Records drawn from a dataset

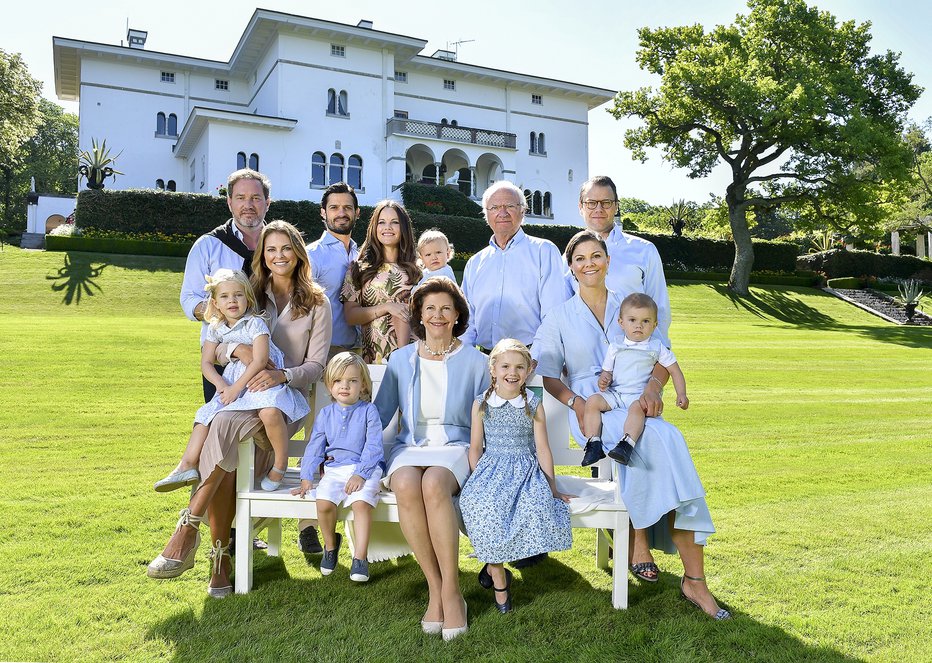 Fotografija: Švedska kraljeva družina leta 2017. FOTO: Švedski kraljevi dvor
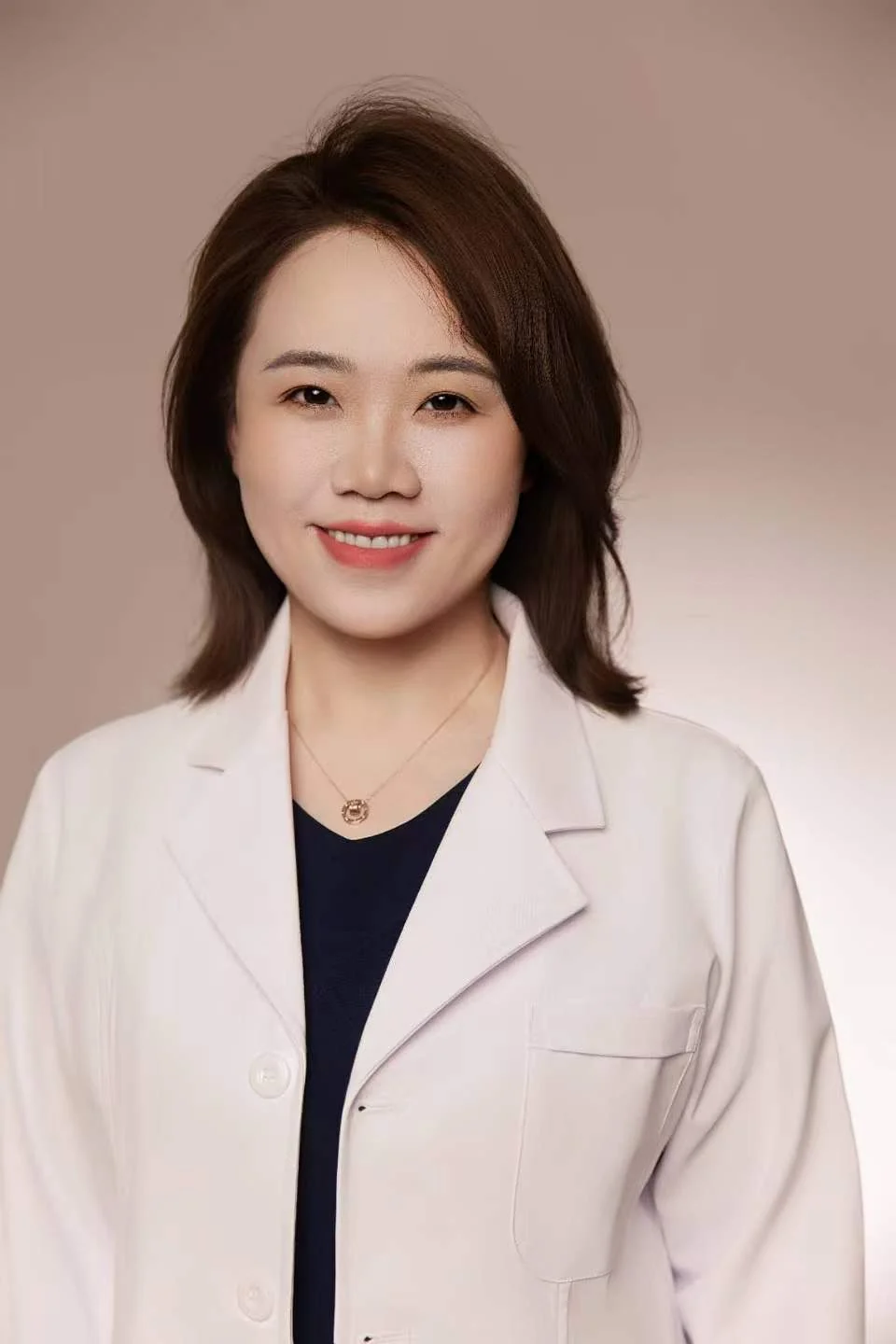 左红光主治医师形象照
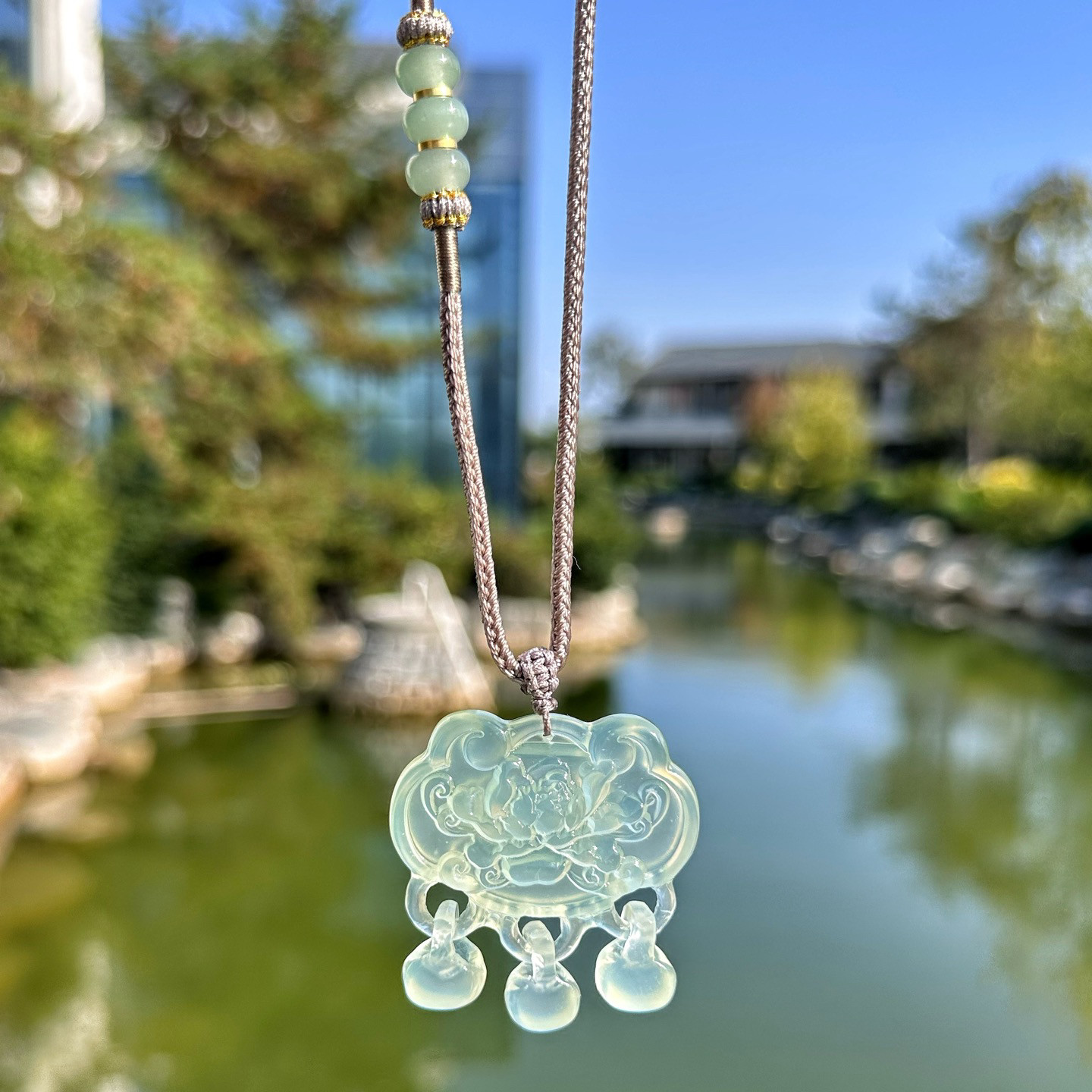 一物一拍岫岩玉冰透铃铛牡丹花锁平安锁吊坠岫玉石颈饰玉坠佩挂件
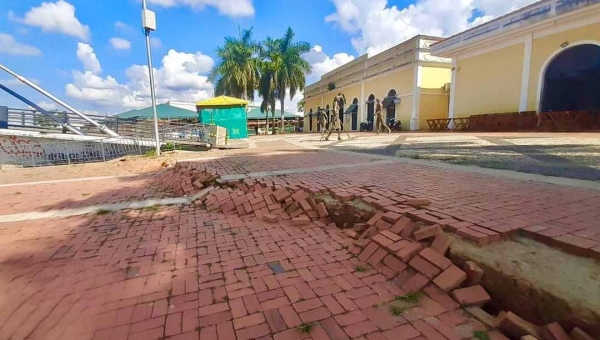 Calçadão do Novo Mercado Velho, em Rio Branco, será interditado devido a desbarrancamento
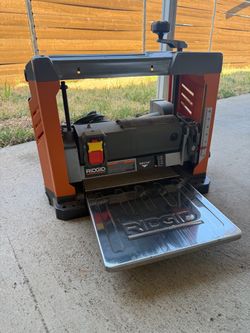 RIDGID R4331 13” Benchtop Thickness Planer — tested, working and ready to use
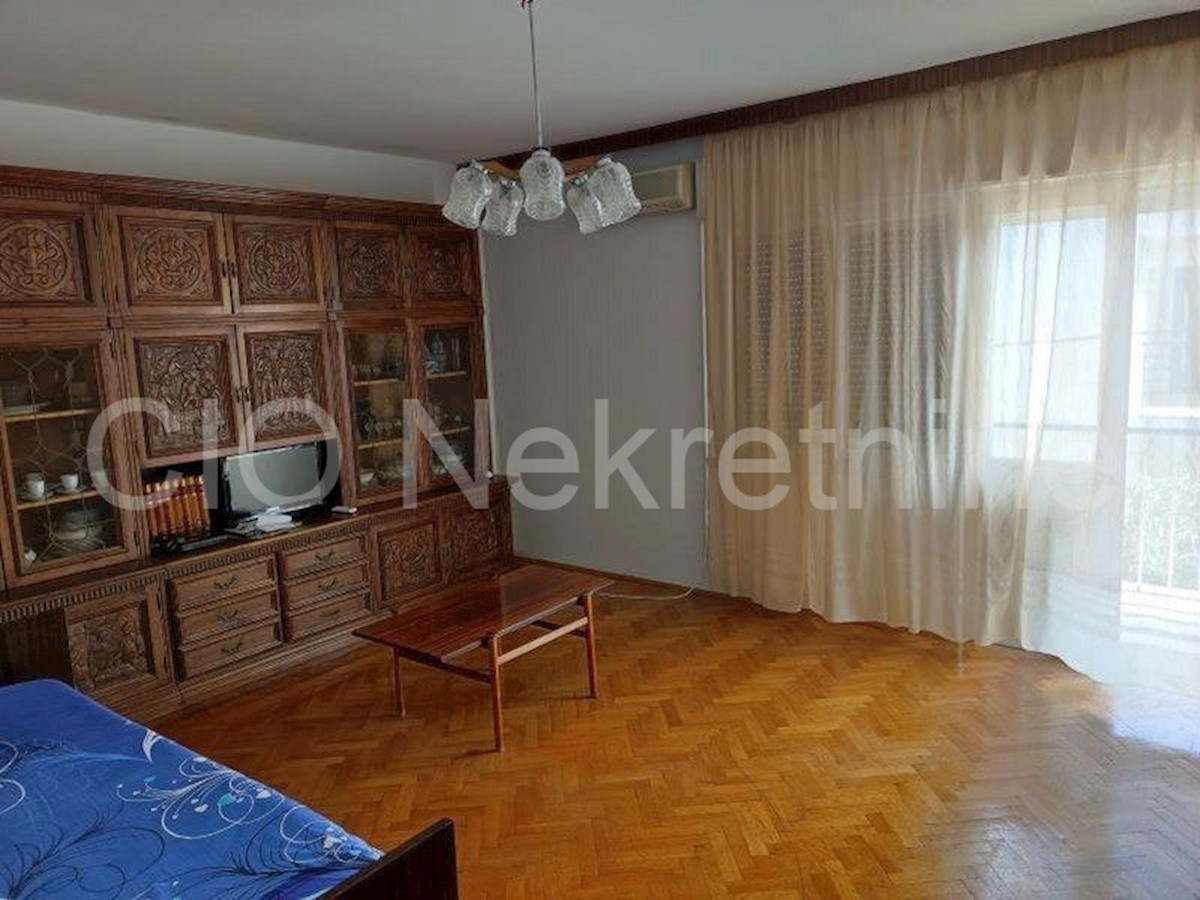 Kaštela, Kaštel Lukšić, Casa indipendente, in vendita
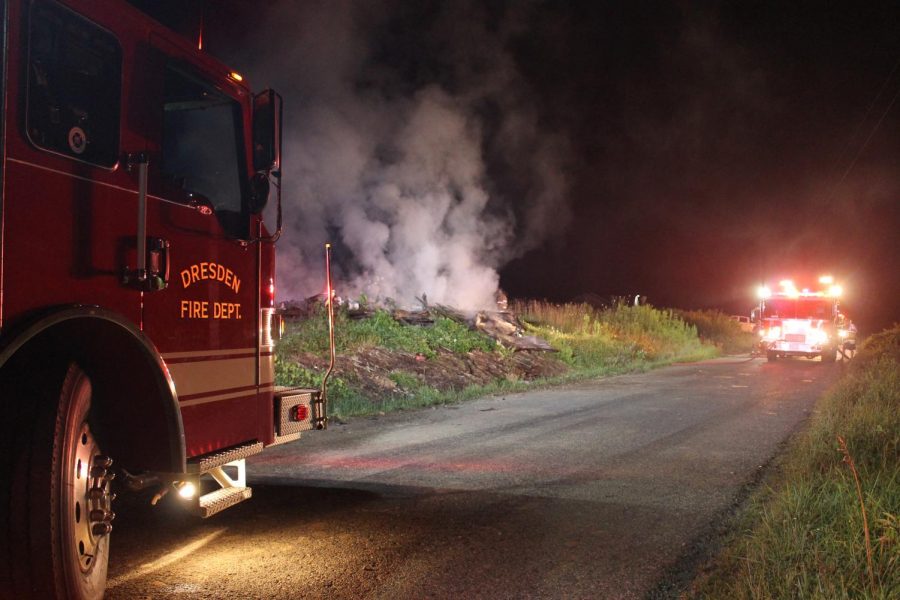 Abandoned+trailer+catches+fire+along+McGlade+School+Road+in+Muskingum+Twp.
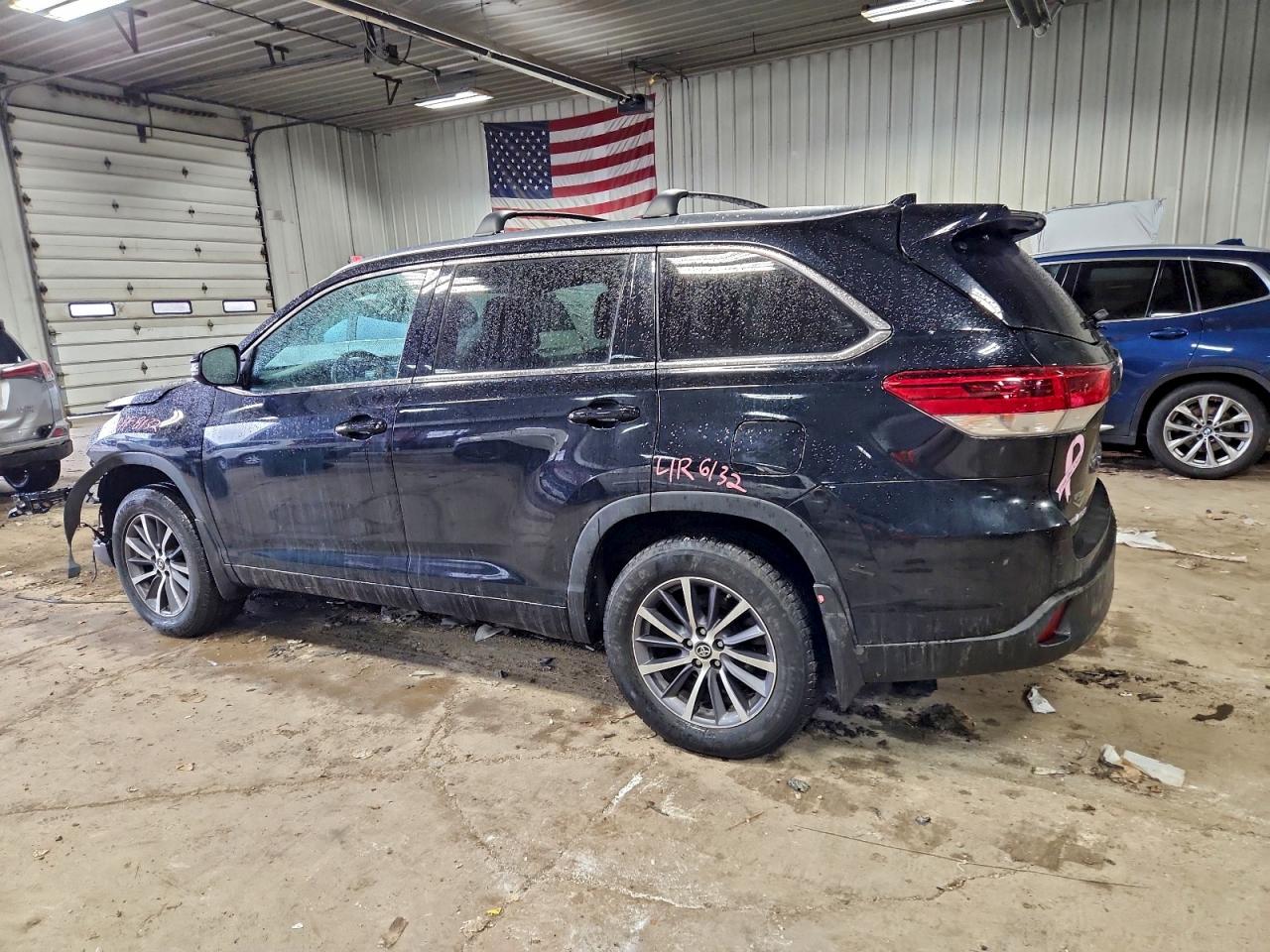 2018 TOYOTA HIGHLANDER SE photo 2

* **Problem statement**
Leave out the pictures, and write out exactly the lines from the line containing "Calçadão do Novo" through the end of the records above.

* **Output for this task**
 Calçadão do Novo Mercado Velho, em Rio Branco, será interditado devido a desbarrancamento
 RIDGID R4331 13” Benchtop Thickness Planer — tested, working and ready to use
 Kaštela, Kaštel Lukšić, Casa indipendente, in vendita
 Abandoned+trailer+catches+fire+along+McGlade+School+Road+in+Muskingum+Twp.
 2018 TOYOTA HIGHLANDER SE photo 2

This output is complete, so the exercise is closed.